The answer to this question may vary per human being, poker game availability (for live venues), or the specific blind structure of a poker tournament.

Suffice to say that there are very few poker tournaments that last more than a few days. However, some of the major live events like the World Series of Poker Main Event can span out over several months in cases where a “November Nine” format is implemented.

From 2008-2016, the $10,000 buy-in WSOP Main Event hosted thousands of hopefuls who entered the tournament during one of the summer months. But when the action had played down to nine remaining contestants, play was paused (for months) until November of the same calendar year.

With the commonplace status of poker live streams these days, the public is aware that a single game or individual poker session can easily last for several hours.

For private games, a player may “write home about” (or post on social media) an individual session that lasted a particularly long period of time. With that said, there aren’t really any high profile, public posts that provide proof of (or even claim) a long poker session that rivals Zach Gensler‘s current record of 5+ days without interruption.

What Are the Longest Poker Games?

The sheer nature of a poker cash game includes the ability for one or more players to get up and leave the table at any time of their choosing.

For this reason, there really isn’t that much of a pop-culture link between the game itself and any corresponding “longest poker games.”

As a rule of thumb, you can expect a game with more cards involved to consume a longer amount of time per hand than a variant that requires fewer cards to be dealt and/or placed face-up.
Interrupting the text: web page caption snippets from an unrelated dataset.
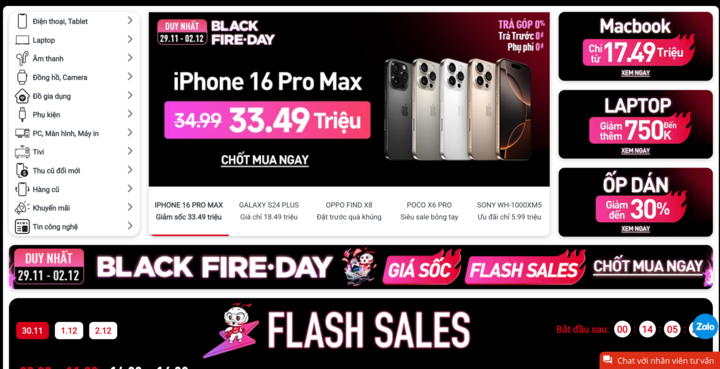 Các chuỗi cửa hàng đang tung ra hàng loạt chương trình giảm giá, flash sale nhân dịp Black Friday với nhiều sản phẩm công nghệ.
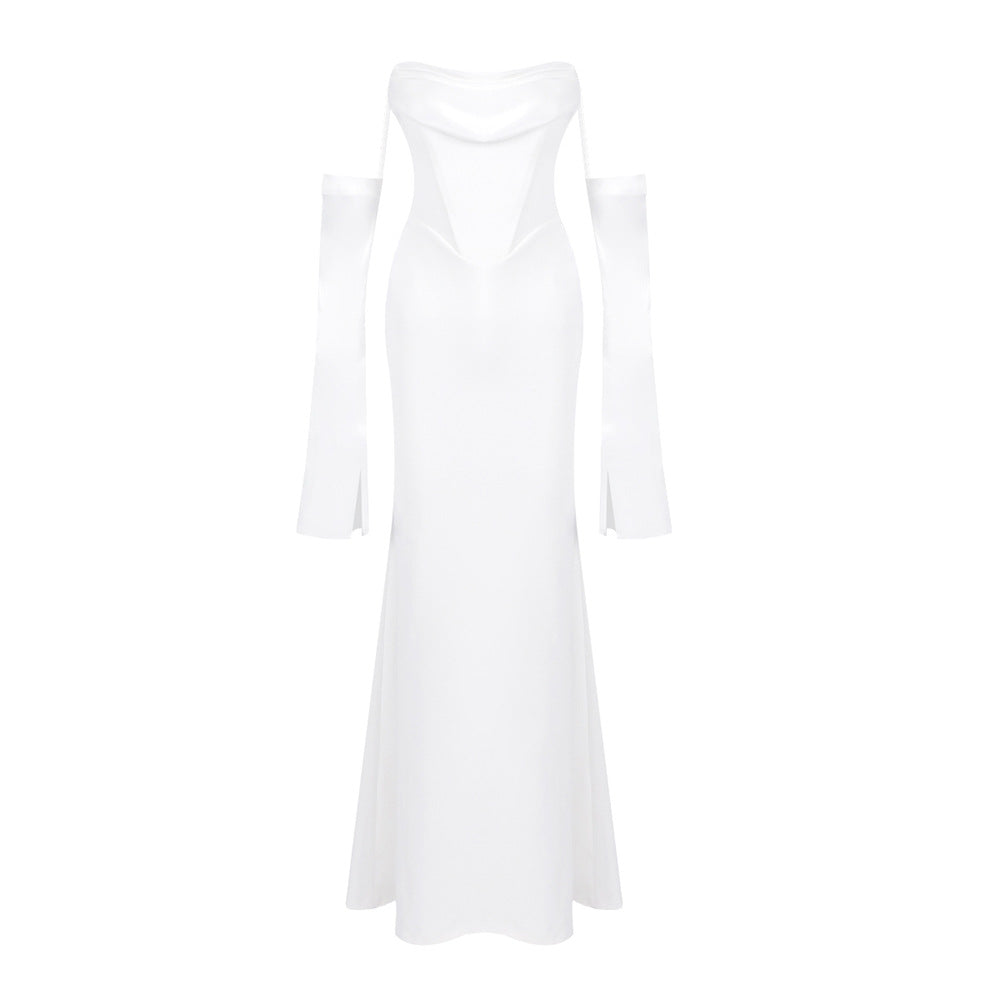 Damen Elegantes Meerjungfrau-Kleid mit schulterfreiem Design und langen Ärmeln Drune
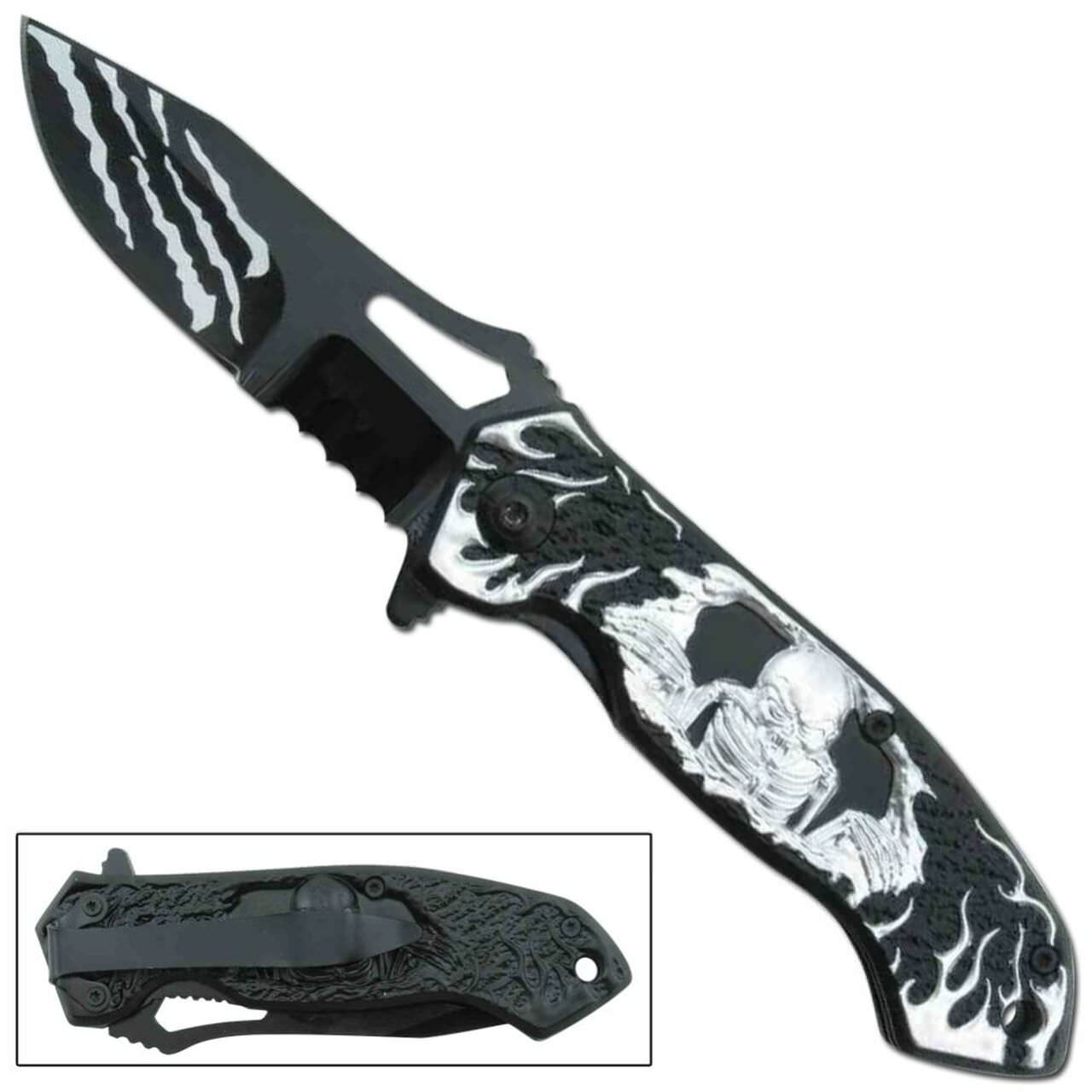 Watcher of Sin 7.75" Spring Assisted Pocket Knife Collectible Weapons - Tophatter Daily Deals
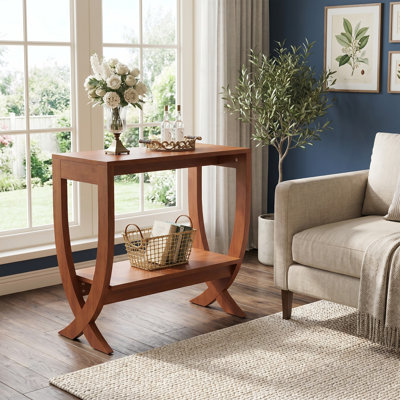 2-Tier Solid Wood End Table, Walnut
The rules of Omaha poker state that each player is entitled to four hole cards, which means a live dealer will be tasked with making two additional “rounds” during the preflop dealing phase.

In Seven Card Stud, a betting round exists not only for the preliminary and final hole card phases, but also for each face-up or “door” card that is dealt to the players who remain in the hand.

For this reason, a six-handed 7 Card Stud game might witness fewer hands per hour on average than a heads-up Texas Hold’em game.

Of course, there are other mixed game poker variants, like draw games — or even other card games altogether — that may last a longer or shorter period of time.

For example, the length of time to play a single card game of War will vary based on how many cards to dealt to each player (the more cards, the longer amount of time the game will take to complete on average).

So, too, a game of Pyramid will take a noticeably longer amount of time to complete in a live setting in which physical playing cards are laid out compared to online. The same can be said for Solitaire.

How Long Do Poker Games Last?

Unless all players have previously agreed upon a mandatory “minimum time commitment” to a particular game (like in a typical home game), you should be able to sit out and leave a poker game at your own convenience. In other words, a poker ring game (cash game) for one individual should last only as long as you are comfortable playing in it.

The exception to this general rule is when players attempt to manipulate a game’s fairness by “Sitting In” only when they’re in position and “Sitting Out” when it is their turn to pay the blinds.

Overall, most regularly-scheduled home games probably last a few hours while a casino-hosted cash game can endure for at least days or weeks at a time without interruption.

How Long Do Poker Tournaments Last?

As explained above, poker tournaments like hyper-turbo online events can begin and conclude within a few short minutes, while more drawn-out blind structures or outright pauses can mean that a poker tournament takes several months to finish.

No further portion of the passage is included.